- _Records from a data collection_
★ ★ ★ ★ ★ ★ ★

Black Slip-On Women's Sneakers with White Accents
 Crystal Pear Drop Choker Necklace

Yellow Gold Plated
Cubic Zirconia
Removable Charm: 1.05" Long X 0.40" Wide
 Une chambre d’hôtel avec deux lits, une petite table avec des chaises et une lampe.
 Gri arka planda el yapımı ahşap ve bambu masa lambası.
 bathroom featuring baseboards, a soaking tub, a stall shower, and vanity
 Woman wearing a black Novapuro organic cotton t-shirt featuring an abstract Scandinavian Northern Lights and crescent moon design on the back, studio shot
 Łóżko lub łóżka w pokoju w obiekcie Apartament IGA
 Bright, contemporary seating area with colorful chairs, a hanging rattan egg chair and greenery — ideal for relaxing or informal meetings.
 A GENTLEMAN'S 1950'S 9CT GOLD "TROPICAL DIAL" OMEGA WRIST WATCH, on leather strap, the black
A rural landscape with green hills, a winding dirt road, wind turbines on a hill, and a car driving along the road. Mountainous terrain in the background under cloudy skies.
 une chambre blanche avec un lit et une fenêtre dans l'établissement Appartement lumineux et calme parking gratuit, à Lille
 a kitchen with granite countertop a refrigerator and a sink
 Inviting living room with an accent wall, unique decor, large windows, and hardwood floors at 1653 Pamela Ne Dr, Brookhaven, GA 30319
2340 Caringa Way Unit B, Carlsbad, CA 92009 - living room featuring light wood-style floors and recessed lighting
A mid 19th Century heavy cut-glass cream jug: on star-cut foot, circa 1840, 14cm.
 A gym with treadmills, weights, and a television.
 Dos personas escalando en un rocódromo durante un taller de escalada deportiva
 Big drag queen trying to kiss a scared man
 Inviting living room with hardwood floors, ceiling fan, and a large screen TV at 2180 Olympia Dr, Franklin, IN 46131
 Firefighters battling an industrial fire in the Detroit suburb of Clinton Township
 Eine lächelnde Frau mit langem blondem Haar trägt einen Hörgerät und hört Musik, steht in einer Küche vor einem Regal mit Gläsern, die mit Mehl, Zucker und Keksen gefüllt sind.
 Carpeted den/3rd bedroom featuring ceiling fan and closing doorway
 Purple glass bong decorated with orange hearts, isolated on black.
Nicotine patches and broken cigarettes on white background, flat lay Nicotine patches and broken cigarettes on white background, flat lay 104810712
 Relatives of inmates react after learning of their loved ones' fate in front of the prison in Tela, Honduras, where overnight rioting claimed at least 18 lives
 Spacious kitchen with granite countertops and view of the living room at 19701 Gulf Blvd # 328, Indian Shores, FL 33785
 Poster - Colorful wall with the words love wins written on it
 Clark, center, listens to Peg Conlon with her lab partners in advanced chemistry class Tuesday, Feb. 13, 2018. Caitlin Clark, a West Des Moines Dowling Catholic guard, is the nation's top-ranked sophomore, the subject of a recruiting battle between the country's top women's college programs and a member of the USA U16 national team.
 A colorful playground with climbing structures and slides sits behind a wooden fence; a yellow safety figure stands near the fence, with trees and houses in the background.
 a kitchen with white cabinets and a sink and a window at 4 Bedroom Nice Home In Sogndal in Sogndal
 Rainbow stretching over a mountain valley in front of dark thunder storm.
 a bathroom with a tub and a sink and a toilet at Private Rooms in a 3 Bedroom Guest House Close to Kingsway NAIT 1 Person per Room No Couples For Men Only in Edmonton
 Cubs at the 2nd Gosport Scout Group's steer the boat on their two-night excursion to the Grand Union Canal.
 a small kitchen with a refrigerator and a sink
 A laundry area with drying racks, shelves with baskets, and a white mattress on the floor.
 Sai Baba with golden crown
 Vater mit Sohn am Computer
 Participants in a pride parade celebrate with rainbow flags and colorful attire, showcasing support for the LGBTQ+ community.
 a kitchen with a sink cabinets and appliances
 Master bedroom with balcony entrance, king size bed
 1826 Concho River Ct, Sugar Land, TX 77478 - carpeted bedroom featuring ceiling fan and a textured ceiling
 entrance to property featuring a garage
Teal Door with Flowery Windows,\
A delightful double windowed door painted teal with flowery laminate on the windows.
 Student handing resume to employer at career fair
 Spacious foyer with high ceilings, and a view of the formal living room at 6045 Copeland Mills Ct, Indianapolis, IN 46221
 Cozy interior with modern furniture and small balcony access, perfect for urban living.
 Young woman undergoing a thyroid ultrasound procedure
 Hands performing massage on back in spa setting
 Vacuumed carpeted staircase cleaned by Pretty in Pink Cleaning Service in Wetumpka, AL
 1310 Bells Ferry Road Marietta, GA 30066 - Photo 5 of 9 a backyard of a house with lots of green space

★ ★ ★ ★ ★ ★ ★

- _About this exercise_
Retype the entries exactly, please. Leave no line out.

- _Your response_
Black Slip-On Women's Sneakers with White Accents
 Crystal Pear Drop Choker Necklace

Yellow Gold Plated
Cubic Zirconia
Removable Charm: 1.05" Long X 0.40" Wide
 Une chambre d’hôtel avec deux lits, une petite table avec des chaises et une lampe.
 Gri arka planda el yapımı ahşap ve bambu masa lambası.
 bathroom featuring baseboards, a soaking tub, a stall shower, and vanity
 Woman wearing a black Novapuro organic cotton t-shirt featuring an abstract Scandinavian Northern Lights and crescent moon design on the back, studio shot
 Łóżko lub łóżka w pokoju w obiekcie Apartament IGA
 Bright, contemporary seating area with colorful chairs, a hanging rattan egg chair and greenery — ideal for relaxing or informal meetings.
 A GENTLEMAN'S 1950'S 9CT GOLD "TROPICAL DIAL" OMEGA WRIST WATCH, on leather strap, the black
A rural landscape with green hills, a winding dirt road, wind turbines on a hill, and a car driving along the road. Mountainous terrain in the background under cloudy skies.
 une chambre blanche avec un lit et une fenêtre dans l'établissement Appartement lumineux et calme parking gratuit, à Lille
 a kitchen with granite countertop a refrigerator and a sink
 Inviting living room with an accent wall, unique decor, large windows, and hardwood floors at 1653 Pamela Ne Dr, Brookhaven, GA 30319
2340 Caringa Way Unit B, Carlsbad, CA 92009 - living room featuring light wood-style floors and recessed lighting
A mid 19th Century heavy cut-glass cream jug: on star-cut foot, circa 1840, 14cm.
 A gym with treadmills, weights, and a television.
 Dos personas escalando en un rocódromo durante un taller de escalada deportiva
 Big drag queen trying to kiss a scared man
 Inviting living room with hardwood floors, ceiling fan, and a large screen TV at 2180 Olympia Dr, Franklin, IN 46131
 Firefighters battling an industrial fire in the Detroit suburb of Clinton Township
 Eine lächelnde Frau mit langem blondem Haar trägt einen Hörgerät und hört Musik, steht in einer Küche vor einem Regal mit Gläsern, die mit Mehl, Zucker und Keksen gefüllt sind.
 Carpeted den/3rd bedroom featuring ceiling fan and closing doorway
 Purple glass bong decorated with orange hearts, isolated on black.
Nicotine patches and broken cigarettes on white background, flat lay Nicotine patches and broken cigarettes on white background, flat lay 104810712
 Relatives of inmates react after learning of their loved ones' fate in front of the prison in Tela, Honduras, where overnight rioting claimed at least 18 lives
 Spacious kitchen with granite countertops and view of the living room at 19701 Gulf Blvd # 328, Indian Shores, FL 33785
 Poster - Colorful wall with the words love wins written on it
 Clark, center, listens to Peg Conlon with her lab partners in advanced chemistry class Tuesday, Feb. 13, 2018. Caitlin Clark, a West Des Moines Dowling Catholic guard, is the nation's top-ranked sophomore, the subject of a recruiting battle between the country's top women's college programs and a member of the USA U16 national team.
 A colorful playground with climbing structures and slides sits behind a wooden fence; a yellow safety figure stands near the fence, with trees and houses in the background.
 a kitchen with white cabinets and a sink and a window at 4 Bedroom Nice Home In Sogndal in Sogndal
 Rainbow stretching over a mountain valley in front of dark thunder storm.
 a bathroom with a tub and a sink and a toilet at Private Rooms in a 3 Bedroom Guest House Close to Kingsway NAIT 1 Person per Room No Couples For Men Only in Edmonton
 Cubs at the 2nd Gosport Scout Group's steer the boat on their two-night excursion to the Grand Union Canal.
 a small kitchen with a refrigerator and a sink
 A laundry area with drying racks, shelves with baskets, and a white mattress on the floor.
 Sai Baba with golden crown
 Vater mit Sohn am Computer
 Participants in a pride parade celebrate with rainbow flags and colorful attire, showcasing support for the LGBTQ+ community.
 a kitchen with a sink cabinets and appliances
 Master bedroom with balcony entrance, king size bed
 1826 Concho River Ct, Sugar Land, TX 77478 - carpeted bedroom featuring ceiling fan and a textured ceiling
 entrance to property featuring a garage
Teal Door with Flowery Windows,\
A delightful double windowed door painted teal with flowery laminate on the windows.
 Student handing resume to employer at career fair
 Spacious foyer with high ceilings, and a view of the formal living room at 6045 Copeland Mills Ct, Indianapolis, IN 46221
 Cozy interior with modern furniture and small balcony access, perfect for urban living.
 Young woman undergoing a thyroid ultrasound procedure
 Hands performing massage on back in spa setting
 Vacuumed carpeted staircase cleaned by Pretty in Pink Cleaning Service in Wetumpka, AL
 1310 Bells Ferry Road Marietta, GA 30066 - Photo 5 of 9 a backyard of a house with lots of green space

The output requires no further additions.